Same problem with nighly pytorch version here. Any luck with using the self compiled pytorch 1.8?
I met the same issue with pytorch 1.8, and the following code works for me:
b.data[:, 4] += math.log(8 / (640 / s) ** 2) # obj (8 objects per 640 image)
b.data[:, 5:] += math.log(0.6 / (m.nc - 0.99)) if cf is None else torch.log(cf / cf.sum()) # cls
I just ran into this issue myself, so it's time for a fix :) Will add a TODO and prioritize this for a fix ASAP.
@DoctorKey can confirm your solution works correctly. I will submit a PR for this to master.
@NanoCode012 @DoctorKey @batrlatom @hcodee this problems should be resolved now by implementing @DoctorKey fix in PR #1759. Docker image for ultralytics/yolov5:latest should be updated in a few minutes with this fix.

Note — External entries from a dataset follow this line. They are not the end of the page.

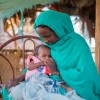 Malaz feeds her two-year-old Aida ready-to-use-therapeutic food at her home in Kassala State. During the mass mid-upper arm circumference (MUAC) screening and referral for children under five, Aida was confirmed severely malnourished. She was very weak and immediately referred to Al-Arab health facility for treatment. (Photo: Ahmed Elfatih Mohamdeen/UNICEF)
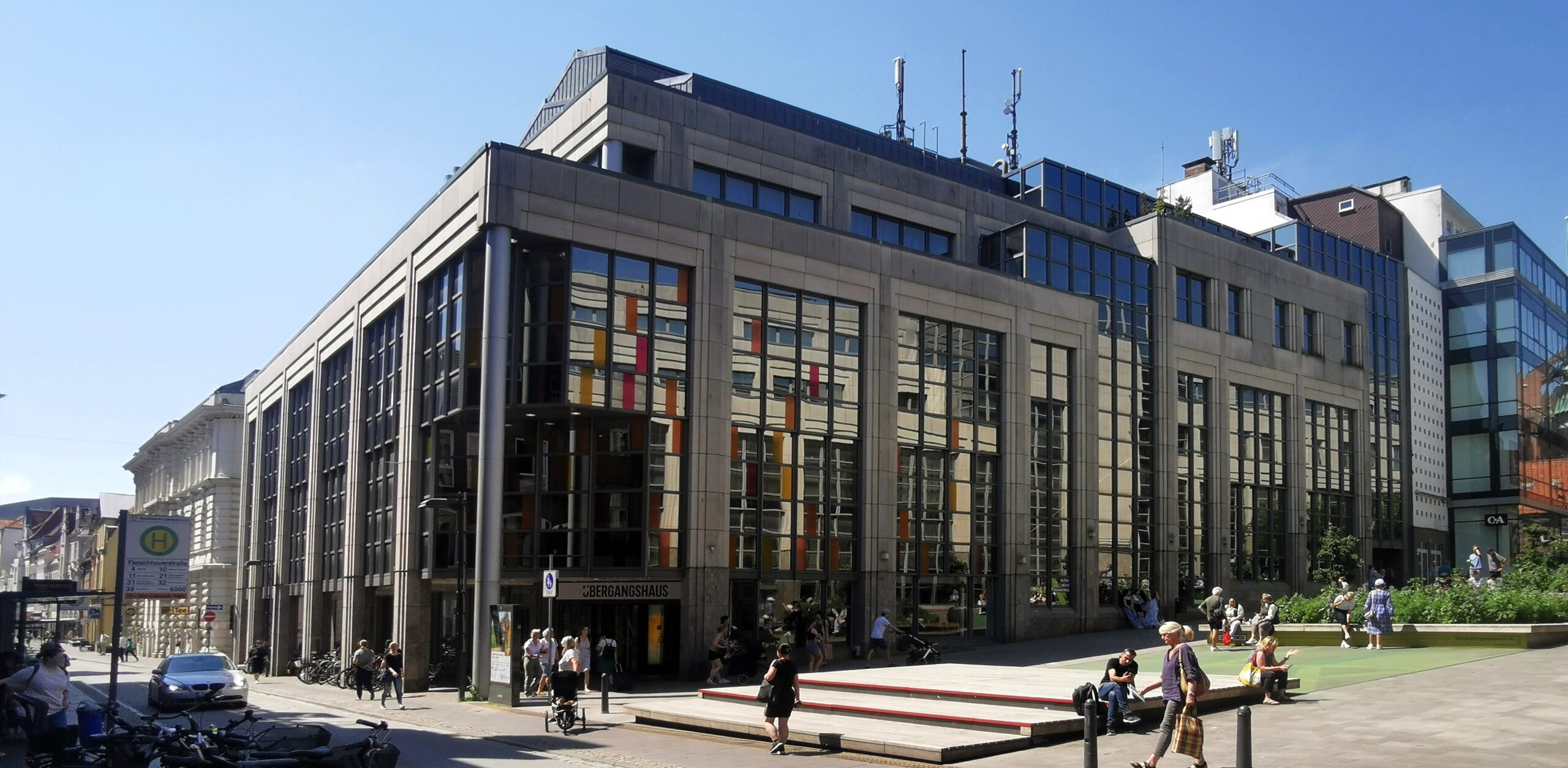 Eckansicht des leerstehenden Bestandsgebäudes. Das benachbarte Karstadt-Warenhaus spiegelt sich in den Fenstern.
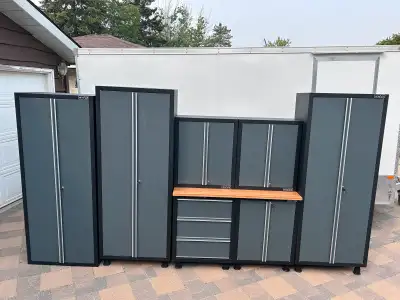 BARELY USED! These garage cabinets have been stored in the garage but most were not used. We are mov...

Let me know if any other issues pop up, and thank you for your contributions!
Hi i am new to this i just encountered a runtime problem
Traceback (most recent call last):
File "train.py", line 492, in
i am using torch 1.8.0+cu101
i really dont know what to do. any help please
@Nytsirch this error is likely generated by an unsupported 3rd party notebook. Please see the official YOLOv5 Colab Notebook below, and visit the Train Custom Data Tutorial to get started with YOLOv5. https://colab.research.google.com/github/ultralytics/yolov5/blob/master/tutorial.ipynb
Python 3.8 or later with all requirements.txt dependencies installed, including torch>=1.7
. To install run:
$ pip install -r requirements.txt
YOLOv5 may be run in any of the following up-to-date verified environments (with all dependencies including CUDA/CUDNN, Python and PyTorch preinstalled):
If this badge is green, all YOLOv5 GitHub Actions Continuous Integration (CI) tests are passing. These tests evaluate proper operation of basic YOLOv5 functionality, including training (train.py), testing (test.py), inference (detect.py) and export (export.py) on MacOS, Windows, and Ubuntu.

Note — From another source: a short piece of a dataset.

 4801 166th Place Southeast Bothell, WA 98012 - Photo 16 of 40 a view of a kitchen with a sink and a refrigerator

Hi i am new to this i just encountered a runtime problem Traceback (most recent call last): File "train.py", line 492, in train(hyp, opt, device, tb_writer, wandb) File "train.py", line 91, in train model = Model(opt.cfg, ch=3, nc=nc).to(device) # create File "/content/yolov5/models/yolo.py", line 95, in init self._initialize_biases() # only run once File "/content/yolov5/models/yolo.py", line 150, in _initialize_biases b[:, 4] += math.log(8 / (640 / s) ** 2) # obj (8 objects per 640 image) RuntimeError: a view of a leaf Variable that requires grad is being used in an in-place operation.
i am using torch 1.8.0+cu101
i really dont know what to do. any help please
change the two old lines in 'yolo.py'
b[:, 4] += math.log(8 / (640 / s) ** 2) # obj (8 objects per 640 image)
b[:, 5:] += math.log(0.6 / (m.nc - 0.99)) if cf is None else torch.log(cf / cf.sum()) # cls
to new
b.data[:, 4] += math.log(8 / (640 / s) ** 2) # obj (8 objects per 640 image)
b.data[:, 5:] += math.log(0.6 / (m.nc - 0.99)) if cf is None else torch.log(cf / cf.sum()) # cls
🐛 Bug
I got the below error message when I try to test out the latest commit cff9263490fbf4b80dcc2d87914e087e6c07b6a0 on a new docker image. I haven't pulled recently, so I'm not sure which commit made this error.
RuntimeError: a view of a leaf Variable that requires grad is being used in an in-place operation.
To Reproduce (REQUIRED)
python train.py --img 640 --batch 16 --epochs 3 --data coco128.yaml --weights yolov5s.pt --nosave --cache
Output:
Expected behavior
Run normally
Environment
Additional context
It seems to run fine when I'm running from an old conda py37 environment with torch 1.6. I cannot reproduce this error on Google Colab. Could there be something wrong with Docker dependencies?